だんだんと狙いも上手くなってるみてぇだ。
オーク共にも指揮官はいる。ソイツは目を皿にして戦場の流れを把握して、下手クソなりに状況を判断してるわけだ。
その無防備な頭上から、いきなり首をちょうだいするってぇ流れが、出来上がりつつあった。
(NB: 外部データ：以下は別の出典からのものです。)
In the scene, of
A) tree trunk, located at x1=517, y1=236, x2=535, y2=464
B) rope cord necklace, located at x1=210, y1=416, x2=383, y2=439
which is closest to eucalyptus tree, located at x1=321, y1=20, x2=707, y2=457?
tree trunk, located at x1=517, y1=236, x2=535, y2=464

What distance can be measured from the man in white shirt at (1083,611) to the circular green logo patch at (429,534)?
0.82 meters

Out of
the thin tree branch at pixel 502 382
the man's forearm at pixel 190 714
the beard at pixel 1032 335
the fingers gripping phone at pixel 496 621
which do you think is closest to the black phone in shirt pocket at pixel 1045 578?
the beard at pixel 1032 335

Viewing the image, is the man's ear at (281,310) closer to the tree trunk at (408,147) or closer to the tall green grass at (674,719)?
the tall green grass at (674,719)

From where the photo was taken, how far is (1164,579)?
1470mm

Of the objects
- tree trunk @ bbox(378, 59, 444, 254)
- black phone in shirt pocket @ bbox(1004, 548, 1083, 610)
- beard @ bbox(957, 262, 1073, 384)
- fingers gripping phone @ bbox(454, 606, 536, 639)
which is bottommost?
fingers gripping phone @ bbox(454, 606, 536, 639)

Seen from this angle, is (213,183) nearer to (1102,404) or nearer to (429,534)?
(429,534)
うちの連中が気張ってるから、俺は味方を掻き分けてまでは進まないでいい。
そうやって他の軍勢に紛れてると、
「よ、鎧を着ているのだぞ!」
「なぜあれほど高くっ」
てな具合に驚嘆が耳に入ってきて、
「まるで神話の戦いだな……」
「ドラゴン退治の話か?」
「ああ。竜を従え竜を屠る騎士、古の竜騎士のようではないか」
「天高く舞い上がり、稲妻の如き一閃で敵を退ける。まさしく目の前の光景だ」
小っ恥ずかしい比喩まで聞かされるハメに。
俺らは大鬼混血の傭兵だぞ。そういうのやめてくれよな。照れんだろうがっ。
「よしっ。我らも竜騎士殿らの戦に加わろうではないか」
「ああ、そうだな! 彼らの足元を守るくらいの役には立てるだろう。者共っ、我につづけぇええええ!」
タイタニオ殿の部下であろう騎士たちも、なにやら漲らせて自ら手勢を率いて進みはじめちまう始末。
構わねぇがよ。突出しても次は助けてやらねぇぞ。
と、心中で悪態をついてみるが……。こんちきしょう、戦場のど真ん中だってぇのにニヤけちまったじゃねぇか。
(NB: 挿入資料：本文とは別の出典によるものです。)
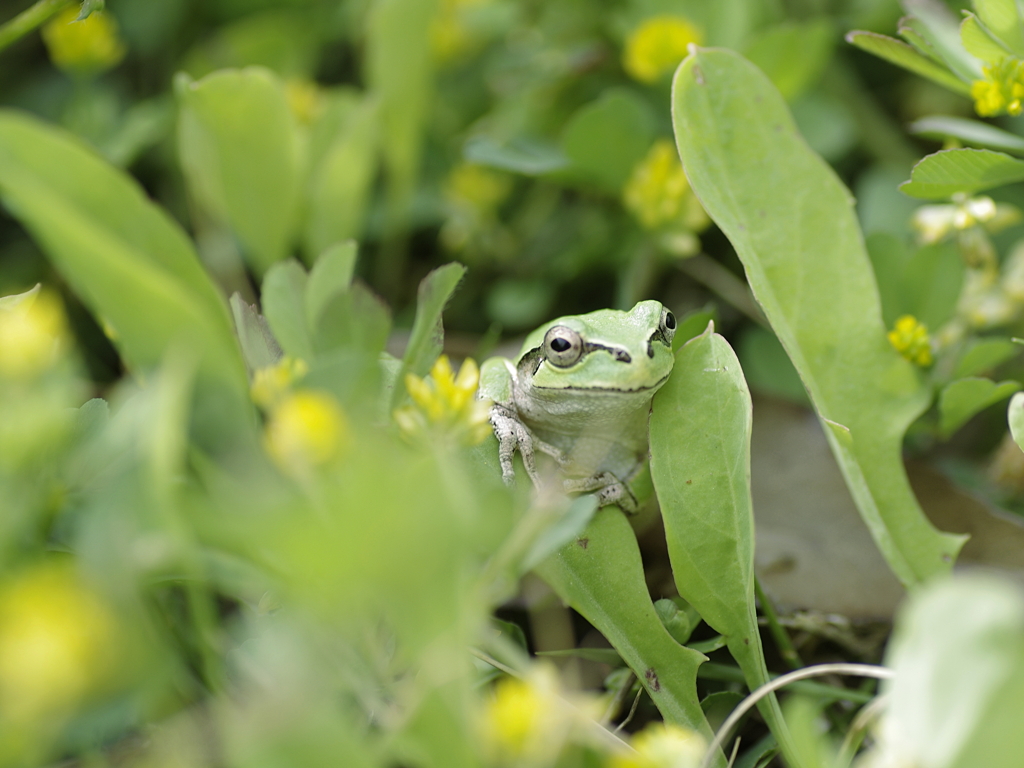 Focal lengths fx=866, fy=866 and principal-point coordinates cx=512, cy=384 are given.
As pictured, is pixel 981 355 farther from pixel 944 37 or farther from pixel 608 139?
pixel 608 139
ズンズン進む戦列。そこに加わって、どうにかこうにか俺は最前線まで戻れた。
近くで見るとわかる。指揮するヤツが片っ端から狙われてんのが影響してて、全体的に敵の腰が引けてる。
きっと大将のビビりが、周りまで伝わっちまってヘッピリ腰にさせてんだな。
これならさっき大袈裟こいてた騎士殿たちも、滅多なことにはならねぇだろ。
「あっ、父ちゃん!」
「「「旦那ッ!」」」
こうして、俺はうちの連中と合流できた。
ようやく解いた握り拳は、ベッタベタに汗ばんでた。開く前に、ゲンコツのまんまバカ息子を小突いときゃあよかったぜ。
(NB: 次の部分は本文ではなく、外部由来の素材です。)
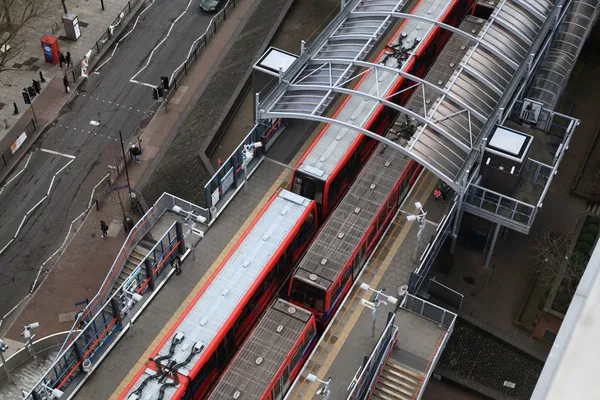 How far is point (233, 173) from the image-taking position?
54.8 m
「ゴーブレ、戦列をガンガン押し上げてやれ! ブロンセ、イエーロ! テメェらは手柄になりそうな首を片っ端から狩ってけっ。俺も飛ぶぞ!」
「「へい、旦那ッ!」」
「へへっ、そうこなくっちゃ」
生意気にも戦場で白い歯をみせるイエーロの頭に、やっぱりゲンコツを落としとく。気ぃ抜くなってんだ。ったく。
「いいか! 魔導ギアを纏った俺らの凄まじさを、ゲップでるくれぇ喰らわせてやんぞ!」
「「「応ッ!」」」
そしてまた、俺は戦場の空へと飛んだ。